Kafka deserialization of messages that have `datacontenttype=application/json` is inconsistent between structured and binary encodings
alexec opened this issue · 2 comments
alexec commented
Consider the following 2 tests:
package com.intuit.event.gateway.ingestor.rest.services.eventsources;
import static org.junit.jupiter.api.Assertions.*;
import io.cloudevents.jackson.JsonCloudEventData;
import io.cloudevents.kafka.CloudEventDeserializer;
import java.nio.charset.StandardCharsets;
import org.apache.kafka.common.header.internals.RecordHeaders;
import org.junit.jupiter.api.Test;
class KafkaEventSourcesTest {
@Test
void binaryEncoding() {
try (var d = new CloudEventDeserializer()) {
var h = new RecordHeaders();
h.add("ce_specversion", "1.0".getBytes());
h.add("ce_type", "test".getBytes());
h.add("ce_source", "my-source".getBytes());
h.add("ce_id", "my-id".getBytes());
h.add("ce_datacontenttype", "application/json".getBytes());
var e = d.deserialize("", h, "{}".getBytes(StandardCharsets.UTF_8));
assertInstanceOf(JsonCloudEventData.class, e.getData());
}
}
@Test
void structuredEncoding() {
try (var d = new CloudEventDeserializer()) {
var h = new RecordHeaders();
h.add("content-type", "application/cloudevents+json".getBytes());
var e = d.deserialize("", h, ("{" +
"\"specversion\":\"1.0\"," +
"\"type\":\"test\"," +
"\"source\":\"my-source\"," +
"\"id\":\"my-id\"," +
"\"datacontentype\":\"application/json\"," +
"\"data\":\"invalid-json\"" +
"}").getBytes(StandardCharsets.UTF_8));
assertInstanceOf(JsonCloudEventData.class, e.getData());
}
}
}
They should both pass. Yet the first one fails and the second one passes.

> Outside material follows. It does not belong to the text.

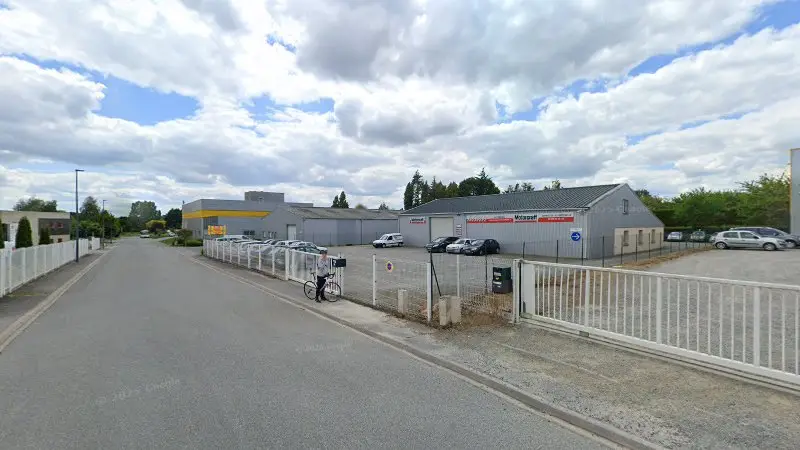 Vue de la rue devant Garage De La Fontenelle, Domagné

How come? Why this inconsintency? Why don't we get JsonCloudEventData
for both?
pierDipi commented
That's because, in general, the SDK doesn't inspect or deserialize data (if we don't need to).
you get a JsonCloudEventData
object only when cloudevents attributes are in a JSON (aka JSON structured format + a JSON datacontentype) and it is mainly to optimze the fact that otherwise we would force users to double deserialize JSONs (one time to extract CE attributes and one second time to deserialize the JSON data).
alexec commented
That answers my question.